Das Dorfentwicklungsprogramm hat im heimischen Landkreis vieles bewegt

Hans-Joachim Egenolf kümmert sich in der Kreisverwaltung um das Thema Dorfentwicklung.

Für private Immobilien in den Fördergebieten gibt es kostenlose Beratung und Sanierungstipps.

Mit Hilfe von Fördermitteln können alte Gebäude nach fachgerechter Sanierung wieder in frischem Glanz erstrahlen.

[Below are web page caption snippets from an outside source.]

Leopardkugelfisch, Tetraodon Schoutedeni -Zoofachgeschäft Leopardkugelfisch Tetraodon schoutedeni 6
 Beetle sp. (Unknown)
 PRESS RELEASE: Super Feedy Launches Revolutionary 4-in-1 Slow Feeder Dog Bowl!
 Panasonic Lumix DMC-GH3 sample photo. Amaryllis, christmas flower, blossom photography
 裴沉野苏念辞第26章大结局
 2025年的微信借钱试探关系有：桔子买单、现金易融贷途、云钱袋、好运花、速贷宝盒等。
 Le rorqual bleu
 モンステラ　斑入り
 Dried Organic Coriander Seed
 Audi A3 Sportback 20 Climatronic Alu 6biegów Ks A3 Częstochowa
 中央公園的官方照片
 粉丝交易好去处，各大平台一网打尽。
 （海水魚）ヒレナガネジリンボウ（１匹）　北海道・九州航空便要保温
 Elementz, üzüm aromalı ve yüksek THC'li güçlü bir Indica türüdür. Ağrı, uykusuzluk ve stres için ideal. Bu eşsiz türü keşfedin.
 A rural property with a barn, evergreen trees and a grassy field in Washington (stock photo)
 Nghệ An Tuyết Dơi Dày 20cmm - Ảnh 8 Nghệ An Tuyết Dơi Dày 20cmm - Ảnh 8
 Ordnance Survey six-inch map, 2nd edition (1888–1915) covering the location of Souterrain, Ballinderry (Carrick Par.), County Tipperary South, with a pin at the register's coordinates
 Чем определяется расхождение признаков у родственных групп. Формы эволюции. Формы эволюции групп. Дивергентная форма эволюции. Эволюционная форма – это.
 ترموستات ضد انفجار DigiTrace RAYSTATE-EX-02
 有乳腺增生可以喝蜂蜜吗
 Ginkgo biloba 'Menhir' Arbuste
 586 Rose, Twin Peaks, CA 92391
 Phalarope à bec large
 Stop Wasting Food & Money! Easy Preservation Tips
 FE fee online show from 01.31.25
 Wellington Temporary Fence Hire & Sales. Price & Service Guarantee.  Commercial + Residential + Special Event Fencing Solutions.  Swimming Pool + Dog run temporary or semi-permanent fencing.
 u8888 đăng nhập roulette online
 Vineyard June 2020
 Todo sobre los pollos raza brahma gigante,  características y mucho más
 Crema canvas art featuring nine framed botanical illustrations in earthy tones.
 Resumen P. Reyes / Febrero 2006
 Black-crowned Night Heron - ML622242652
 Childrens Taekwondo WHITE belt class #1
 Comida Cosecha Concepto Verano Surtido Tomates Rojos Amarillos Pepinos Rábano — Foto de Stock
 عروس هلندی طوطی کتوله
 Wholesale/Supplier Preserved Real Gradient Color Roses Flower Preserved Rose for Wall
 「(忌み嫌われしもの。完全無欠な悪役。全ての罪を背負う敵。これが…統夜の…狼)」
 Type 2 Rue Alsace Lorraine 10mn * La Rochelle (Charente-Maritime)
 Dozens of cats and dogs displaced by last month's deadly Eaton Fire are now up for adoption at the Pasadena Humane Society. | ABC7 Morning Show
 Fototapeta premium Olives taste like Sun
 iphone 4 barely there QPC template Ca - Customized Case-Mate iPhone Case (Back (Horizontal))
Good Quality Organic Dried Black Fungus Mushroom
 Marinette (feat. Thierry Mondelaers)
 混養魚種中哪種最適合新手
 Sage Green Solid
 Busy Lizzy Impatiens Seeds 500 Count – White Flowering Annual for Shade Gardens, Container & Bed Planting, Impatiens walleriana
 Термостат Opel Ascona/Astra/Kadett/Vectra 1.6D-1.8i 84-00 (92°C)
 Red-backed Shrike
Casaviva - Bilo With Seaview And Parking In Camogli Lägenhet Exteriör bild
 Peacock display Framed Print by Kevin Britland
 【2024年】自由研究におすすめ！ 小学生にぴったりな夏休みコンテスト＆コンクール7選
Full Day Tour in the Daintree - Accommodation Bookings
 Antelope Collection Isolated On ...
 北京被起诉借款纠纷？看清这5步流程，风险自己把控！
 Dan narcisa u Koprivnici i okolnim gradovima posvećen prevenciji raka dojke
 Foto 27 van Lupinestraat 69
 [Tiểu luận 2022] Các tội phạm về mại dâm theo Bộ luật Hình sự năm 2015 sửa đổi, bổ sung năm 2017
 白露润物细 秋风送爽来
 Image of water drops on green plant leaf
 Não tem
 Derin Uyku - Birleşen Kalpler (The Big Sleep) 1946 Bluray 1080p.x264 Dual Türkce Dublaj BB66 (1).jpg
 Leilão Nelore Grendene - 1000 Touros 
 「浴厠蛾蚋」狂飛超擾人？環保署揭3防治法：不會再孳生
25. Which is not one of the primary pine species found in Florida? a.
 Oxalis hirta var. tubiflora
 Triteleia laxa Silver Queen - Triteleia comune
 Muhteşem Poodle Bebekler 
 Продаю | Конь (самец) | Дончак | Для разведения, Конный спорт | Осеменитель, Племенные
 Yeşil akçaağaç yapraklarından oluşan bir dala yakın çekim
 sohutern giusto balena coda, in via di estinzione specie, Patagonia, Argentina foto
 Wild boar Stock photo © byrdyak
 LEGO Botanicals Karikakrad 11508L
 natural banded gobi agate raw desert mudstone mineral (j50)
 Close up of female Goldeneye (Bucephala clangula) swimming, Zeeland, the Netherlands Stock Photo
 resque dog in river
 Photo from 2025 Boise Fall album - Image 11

Limburg-Weilburg. Das Dorfentwicklungsprogramm des Landes Hessen hat im Landkreis Limburg-Weilburg die letzten Jahrzehnte schon viel bewegt. 1982 war es noch unter dem Namen Dorferneuerung ins Leben gerufen worden und hat als wichtiges Alleinstellungsmerkmal von Anfang an die Bürgermitwirkung als eigenständiges Programm definiert. Damit hat Hessen in diesem Bereich bundesweit eine Vorreiterrolle übernommen.

Die Dorfentwicklung hat auch im heimischen Raum wichtige Kommunikationsräume für die örtlichen Bürgerinnen und Bürger geschaffen, die Bausubstanz ortsbildprägender Gebäude verbessert und in leerstehenden alten Gebäuden wertvollen Arbeits- und Wohnraum geschaffen. Das sagt Hans-Joachim Egenolf, der in der Kreisverwaltung Limburg-Weilburg Fachdienstleiter Landentwicklung und Denkmalschutz im Amt für Ländlichen Raum ist. Egenolf und sein interdisziplinär besetztes Sachbearbeiterinnen-Team sind für den Aufgabenbereich Dorf-und Regionalentwicklung nicht nur für den Landkreis Limburg-Weilburg, sondern auch für den Rheingau-Taunus-Kreis und die Stadt Wiesbaden zuständig. „Auch in Großstädten gibt es dörflich geprägte Stadtteile“, erläutert der Fachmann den Hintergrund.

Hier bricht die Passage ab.